When the line containing "Pasadena Camicia Western In Flanella" is found in the data below, copy it and each line after it through the line containing "Mobile Screenshot of orangewireart.ca", exactly and with no others.

— Source information —
****************************************

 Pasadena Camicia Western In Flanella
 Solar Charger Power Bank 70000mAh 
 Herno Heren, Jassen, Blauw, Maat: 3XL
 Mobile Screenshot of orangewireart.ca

****************************************

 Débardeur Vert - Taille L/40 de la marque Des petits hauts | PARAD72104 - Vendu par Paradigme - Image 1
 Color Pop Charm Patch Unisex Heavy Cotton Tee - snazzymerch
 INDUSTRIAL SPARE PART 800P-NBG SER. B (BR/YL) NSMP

****************************************

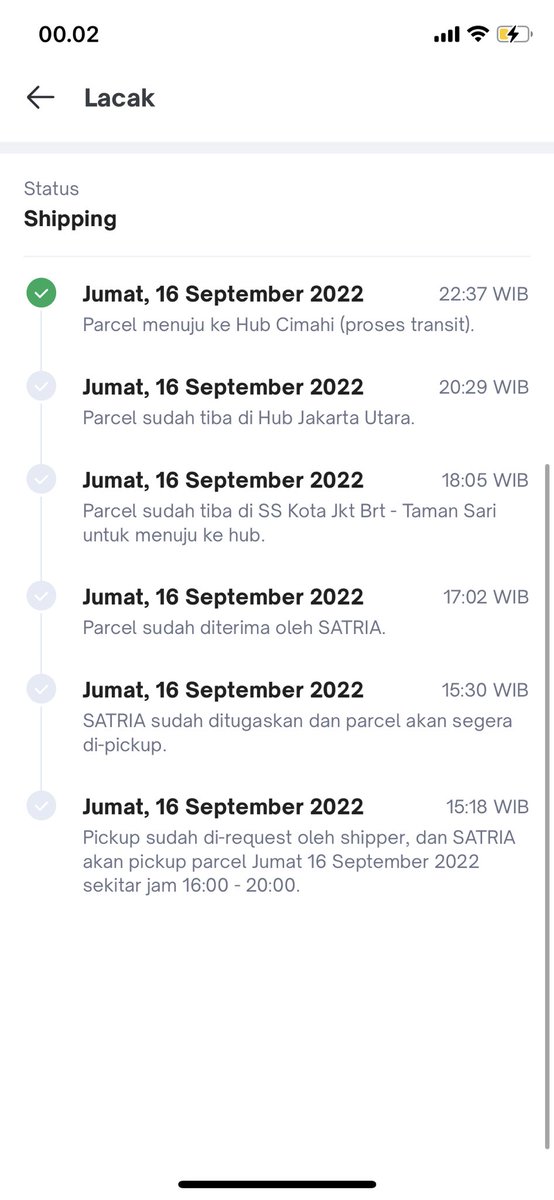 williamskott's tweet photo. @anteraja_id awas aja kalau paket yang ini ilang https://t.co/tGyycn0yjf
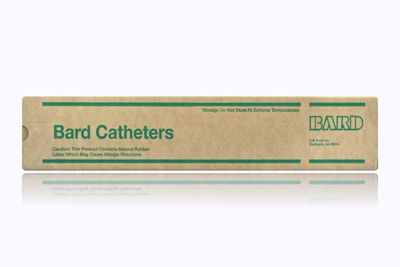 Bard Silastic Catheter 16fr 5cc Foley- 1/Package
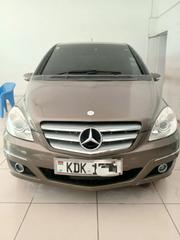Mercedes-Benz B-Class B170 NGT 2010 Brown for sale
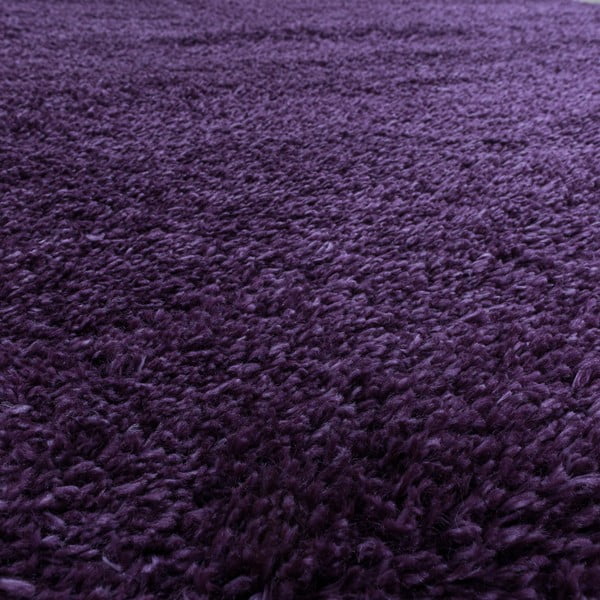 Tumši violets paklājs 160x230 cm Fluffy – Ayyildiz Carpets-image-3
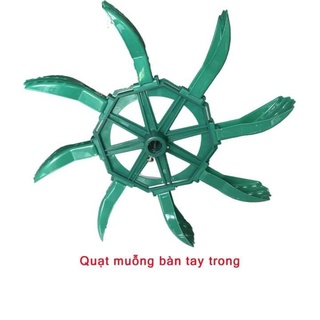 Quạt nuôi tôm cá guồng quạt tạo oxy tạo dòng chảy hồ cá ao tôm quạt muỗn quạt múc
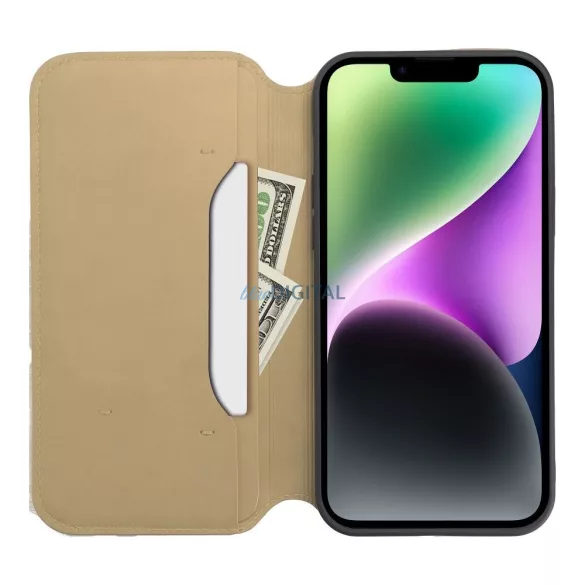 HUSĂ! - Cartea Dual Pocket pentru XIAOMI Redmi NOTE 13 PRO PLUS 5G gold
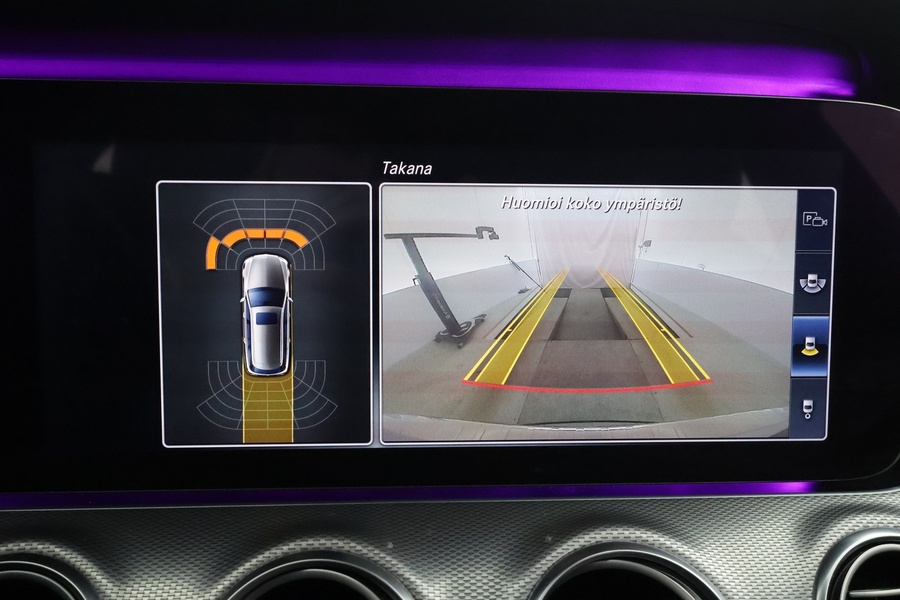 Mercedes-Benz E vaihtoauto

****************************************

— Final answer —
 Pasadena Camicia Western In Flanella
 Solar Charger Power Bank 70000mAh 
 Herno Heren, Jassen, Blauw, Maat: 3XL
 Mobile Screenshot of orangewireart.ca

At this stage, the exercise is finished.